The museum dedicated to George Jones, in Nashville, will
open almost two years to the day since his death, says his widow,
Nancy.  The museum will open April 24th in downtown Nashville.  That
weekend will also mark the launch of “White Lightning Moonshine”
developed in a partnership between Jone’s estate and Silver Trail
Distillery.  “White Lightning” was Jone’s first number one country hit
in 1959.
 
Internet reception is not always the best here in
California, sometimes it takes forever for anything to download, however
Al Hixson one of our NTCMA folks, sent me  a most entertaining and
interesting you-tube video of the Cheese Festival in Monroe, Wisconsin. 

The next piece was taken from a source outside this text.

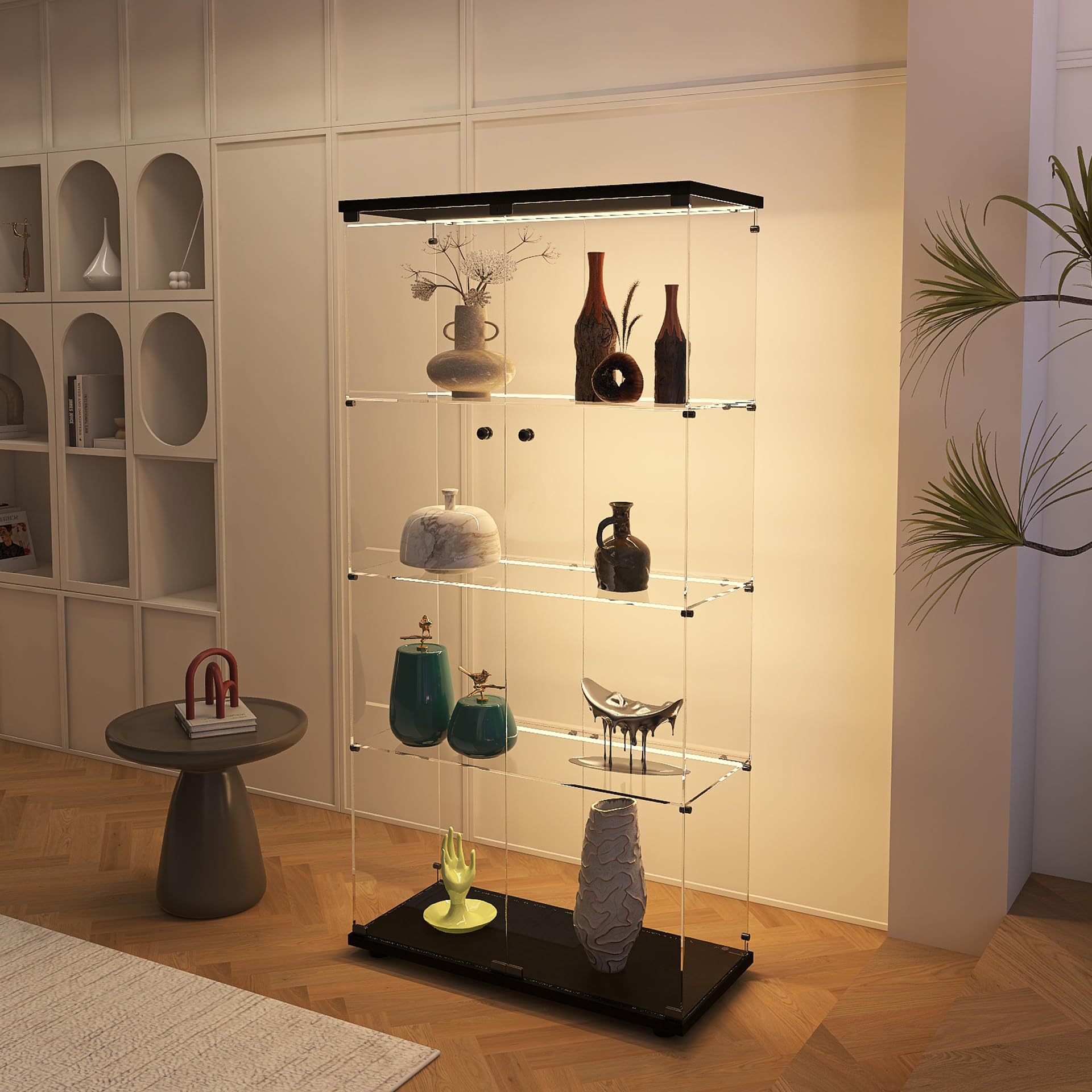 Glass Display Cabinet with LED Lights and Lock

Some yodeling, which was great, but I was impressed with the 137
accordion players that showed up.  Pee Wee King was always one of my
favorite accordion players, so if you’re not busy, you might enjoy
this.  And don’t forget the incredible Las Vegas act Johnny Ray Gomez
and his accordion will be at the Oak Tree Opry in Anita on May 29th,
7pm  http://youtu.be/7FTCJohm54U
 
Dolly Parton is teaming up with NBC as a producer of a
slate of 2-hour movies.  Dolly says she wants it to be fun,
inspirational with a family audience in mind.  The movies will
apparently be based on the songs, stories, and inspiring life of Dolly
herself.
 
A singer-songwriter, Corey Smith, a former social-studies
teacher has made Rolling Stone Magazine, mostly for a song he wrote
called “Fast Track.”  He’s pretty outspoken about the state of country
music today…..”For a guy like me (he’s been playing for ten years),
it’s tough to be a critic because people automatically label me as a
hater.  That I’m just jealous because I don’t have a hit song on the
radio or I’ve never won any awards.  That’s not the case.  The reality
is that country music has swung too far into this fake plastic place
that is the antithesis of what country music is.  I’ve known this stuff
first hand.  I’ve been out there slugging it for awhile and have had
many artists, without naming names, tell me, “We’re going to do it like
you, the slow methodical way and earn one fan at a time.” and then 3
months later they’re on the top of the charts and they are
everywhere….shortcuts?”
 
During his 30-year career as Director of Folklife for the
Tennessee Arts Commission, Robert Cogsville always found time to carry a
camera around with him.  Beginning in 1984, photography was his
passion, and throughout his career he documented scores of craftsmen,
artists, and musicians who keep Tennessee’s folk traditions alive.  Some
22,000 photos including those of fiddler Clyde Davenport, and blues
singer Jessie Mae Hemphill and a host of other old-time country
artists.  January 16 through March 13, they will be on display, or at
least 4,000 of them in the Tennessee Arts Commission Gallery in
Nashville.  Sure would be interesting to look into.  My, how I wish Iowa
would take more interest in the music the pioneers, settlers, and
homesteaders played in our state.  I don’t like the loneliness of being
the only one trying to do anything about saving it.